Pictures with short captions
=== Section Start ===
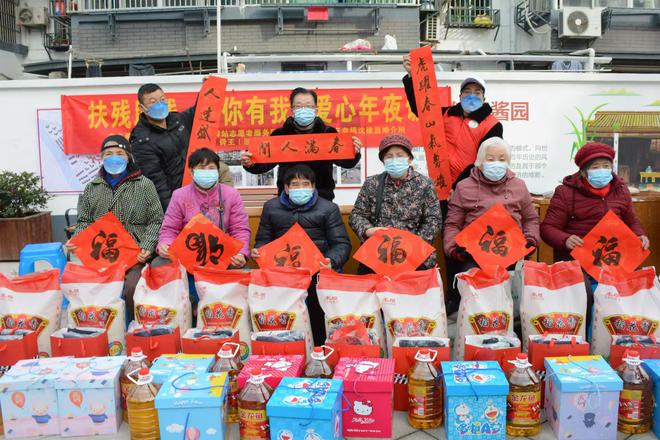 盘点：2024年助残公益活动的温暖与坚守(图4)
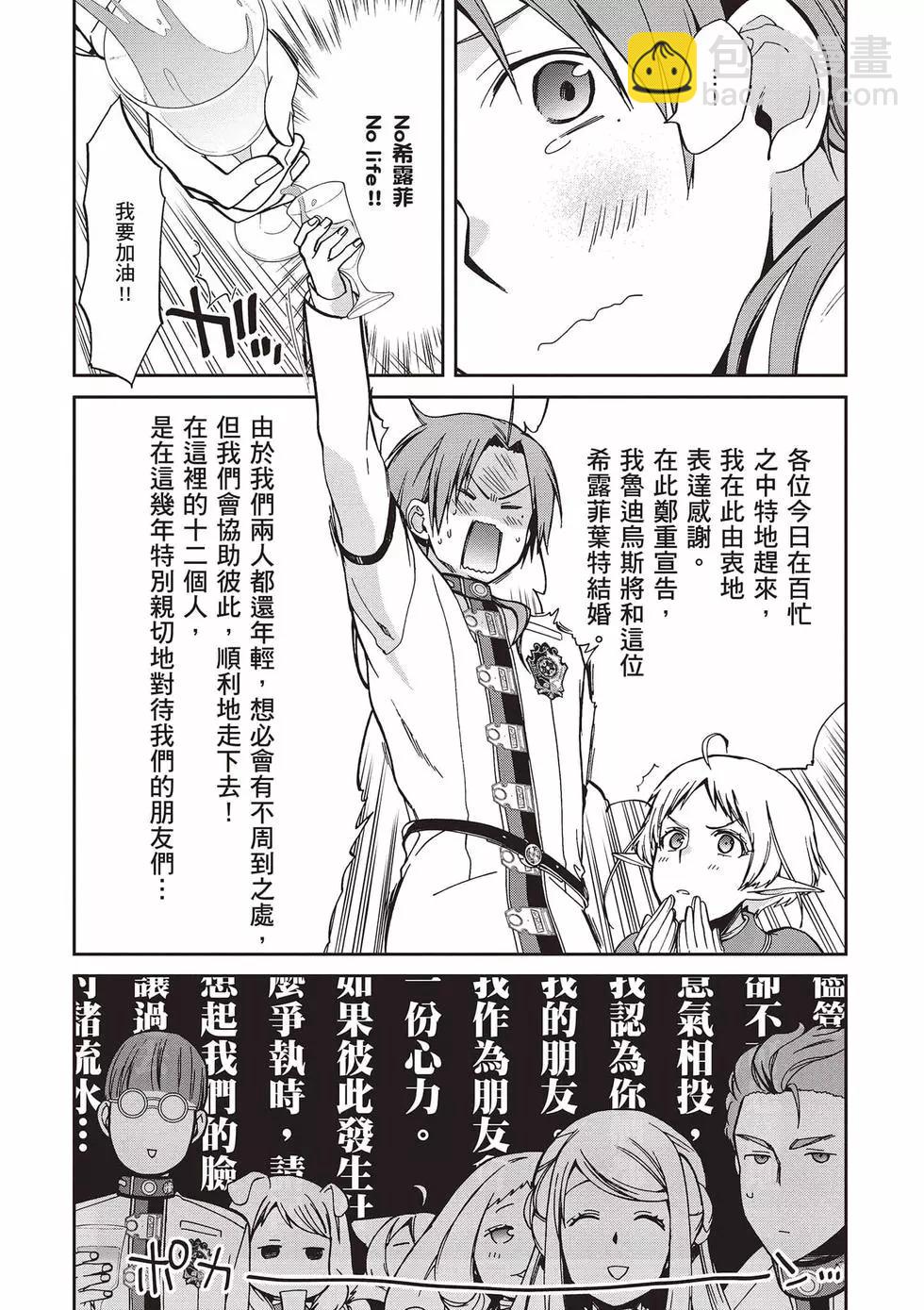 無職轉生 - 第17卷(3/4) - 2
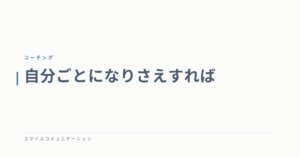 自分ごとになりさえすれば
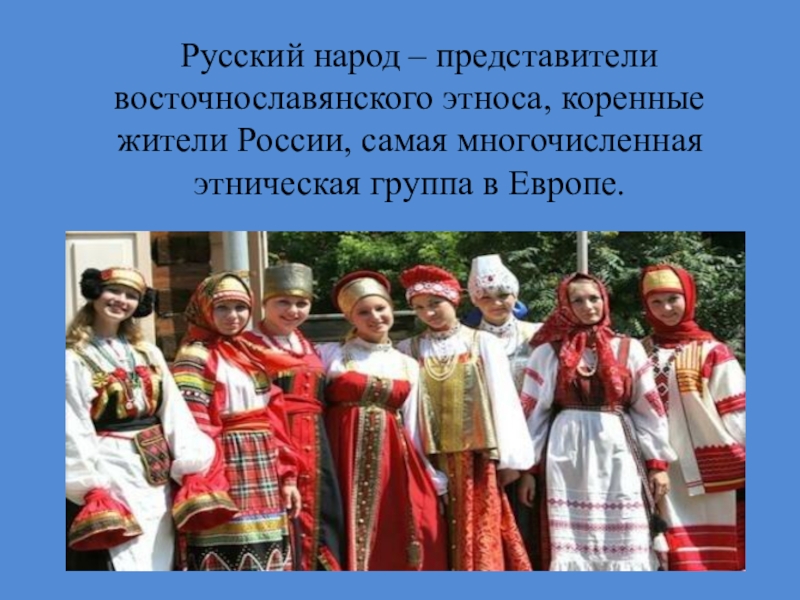 Русский народ – представители восточнославянского этноса,. Самый многочисленный после русских народ в России.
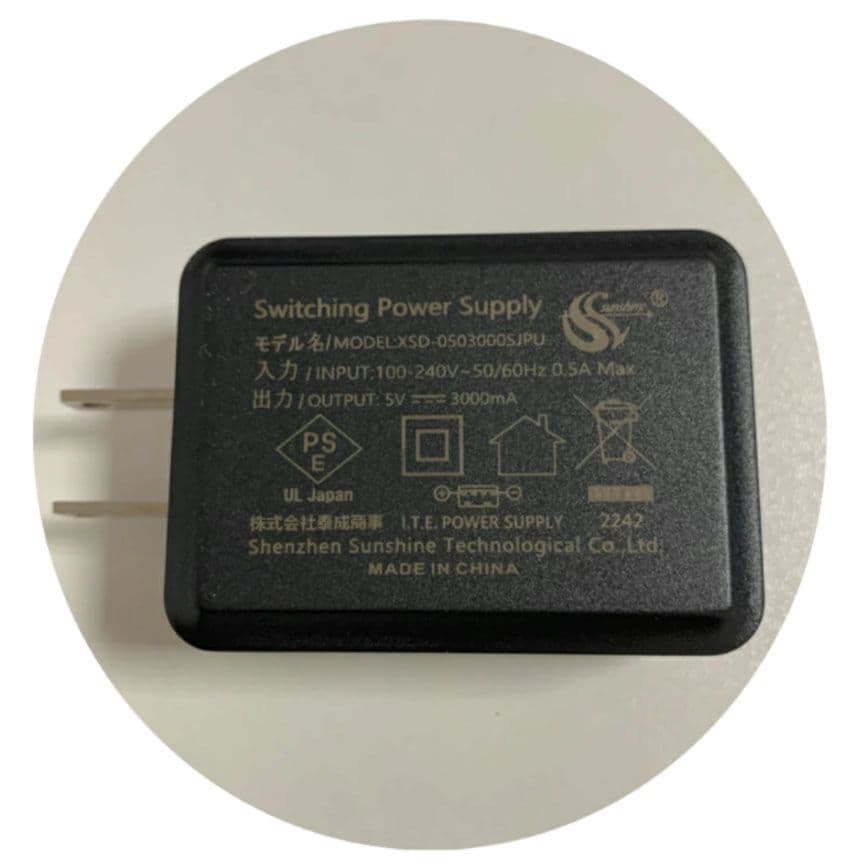 【美品】モバイルモニター VisionOwl 10.5インチ 光沢IPSパネル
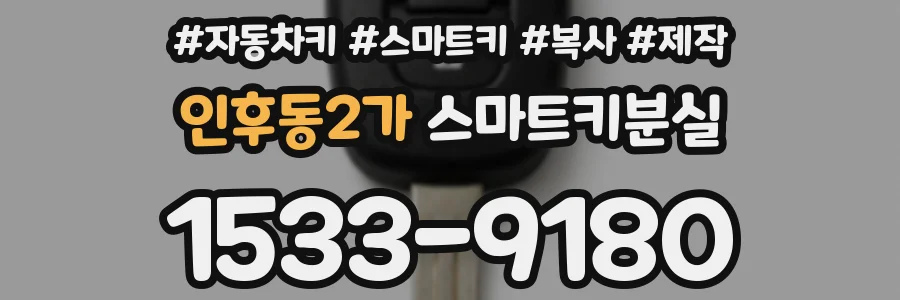 인후동2가 스마트키분실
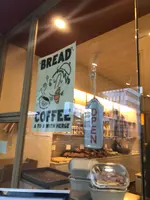 Hergé Bakeryの写真・動画_image_511696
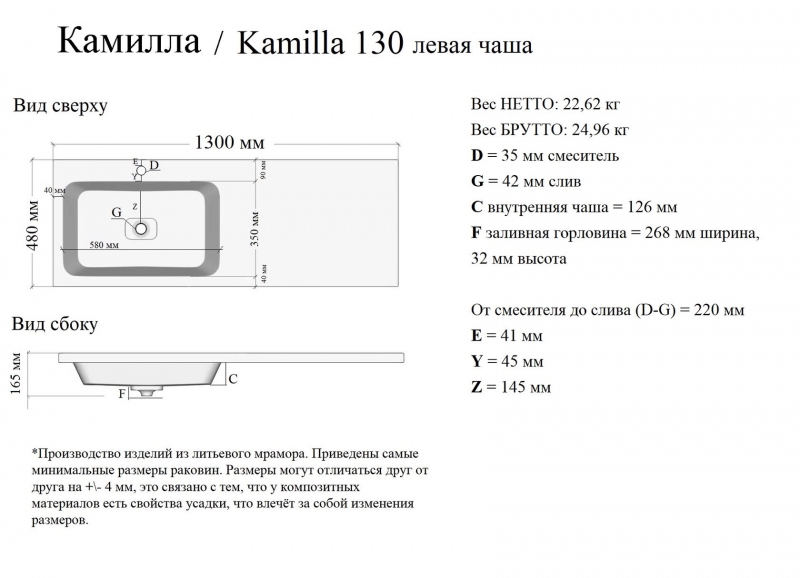 Умывальник для стиральной машины Madera Kamilla левый 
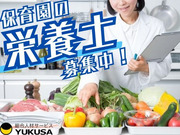 Ȼʡɤȷиɤ褫ʤ顢ĹǯμӤ֤椯פǡ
=== Section End ===
What you are asked to do -
Output the lines above verbatim, images excluded.

Reply to the exercise -
 盘点：2024年助残公益活动的温暖与坚守(图4)
 無職轉生 - 第17卷(3/4) - 2
 自分ごとになりさえすれば
 Русский народ – представители восточнославянского этноса,. Самый многочисленный после русских народ в России.
 【美品】モバイルモニター VisionOwl 10.5インチ 光沢IPSパネル
 인후동2가 스마트키분실
 Hergé Bakeryの写真・動画_image_511696
 Умывальник для стиральной машины Madera Kamilla левый 
 Ȼʡɤȷиɤ褫ʤ顢ĹǯμӤ֤椯פǡ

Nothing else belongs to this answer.